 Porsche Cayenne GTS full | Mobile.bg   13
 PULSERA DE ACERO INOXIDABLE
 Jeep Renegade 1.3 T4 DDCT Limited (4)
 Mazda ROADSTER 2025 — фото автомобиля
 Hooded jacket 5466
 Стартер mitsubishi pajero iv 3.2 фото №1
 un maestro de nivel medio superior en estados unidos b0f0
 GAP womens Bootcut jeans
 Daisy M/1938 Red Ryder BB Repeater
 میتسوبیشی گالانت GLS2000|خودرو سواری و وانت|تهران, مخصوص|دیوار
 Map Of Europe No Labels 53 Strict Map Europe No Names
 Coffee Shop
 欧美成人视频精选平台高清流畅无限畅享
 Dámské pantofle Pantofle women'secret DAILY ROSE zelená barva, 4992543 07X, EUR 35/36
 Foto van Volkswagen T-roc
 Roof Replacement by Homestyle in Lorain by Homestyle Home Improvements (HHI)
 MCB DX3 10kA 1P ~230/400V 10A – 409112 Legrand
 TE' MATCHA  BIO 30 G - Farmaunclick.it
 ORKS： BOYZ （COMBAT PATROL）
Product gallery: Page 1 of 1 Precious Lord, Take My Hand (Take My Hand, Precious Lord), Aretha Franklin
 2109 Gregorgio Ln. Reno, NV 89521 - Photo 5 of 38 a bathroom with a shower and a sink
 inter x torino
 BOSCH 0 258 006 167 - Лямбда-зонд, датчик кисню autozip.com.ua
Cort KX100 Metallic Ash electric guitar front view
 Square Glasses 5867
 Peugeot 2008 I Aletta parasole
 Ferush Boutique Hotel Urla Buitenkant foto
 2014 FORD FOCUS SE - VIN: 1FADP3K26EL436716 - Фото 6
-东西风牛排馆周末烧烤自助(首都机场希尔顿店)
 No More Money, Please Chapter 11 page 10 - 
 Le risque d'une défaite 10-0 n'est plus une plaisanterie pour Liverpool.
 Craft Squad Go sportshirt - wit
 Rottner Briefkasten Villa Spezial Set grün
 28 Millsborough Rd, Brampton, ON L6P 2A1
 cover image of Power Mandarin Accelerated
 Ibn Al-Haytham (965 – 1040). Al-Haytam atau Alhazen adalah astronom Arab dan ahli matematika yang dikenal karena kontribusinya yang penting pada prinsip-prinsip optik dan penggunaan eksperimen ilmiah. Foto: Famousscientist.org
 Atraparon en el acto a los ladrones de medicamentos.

--

== TASK DESCRIPTION ==
Going back over the entries above, copy word for word every line from the one that has "un maestro de" on through the one that has "ORKS： BOYZ （COMBAT PATROL）".

== SOLUTION FOR THIS PROBLEM ==
 un maestro de nivel medio superior en estados unidos b0f0
 GAP womens Bootcut jeans
 Daisy M/1938 Red Ryder BB Repeater
 میتسوبیشی گالانت GLS2000|خودرو سواری و وانت|تهران, مخصوص|دیوار
 Map Of Europe No Labels 53 Strict Map Europe No Names
 Coffee Shop
 欧美成人视频精选平台高清流畅无限畅享
 Dámské pantofle Pantofle women'secret DAILY ROSE zelená barva, 4992543 07X, EUR 35/36
 Foto van Volkswagen T-roc
 Roof Replacement by Homestyle in Lorain by Homestyle Home Improvements (HHI)
 MCB DX3 10kA 1P ~230/400V 10A – 409112 Legrand
 TE' MATCHA  BIO 30 G - Farmaunclick.it
 ORKS： BOYZ （COMBAT PATROL）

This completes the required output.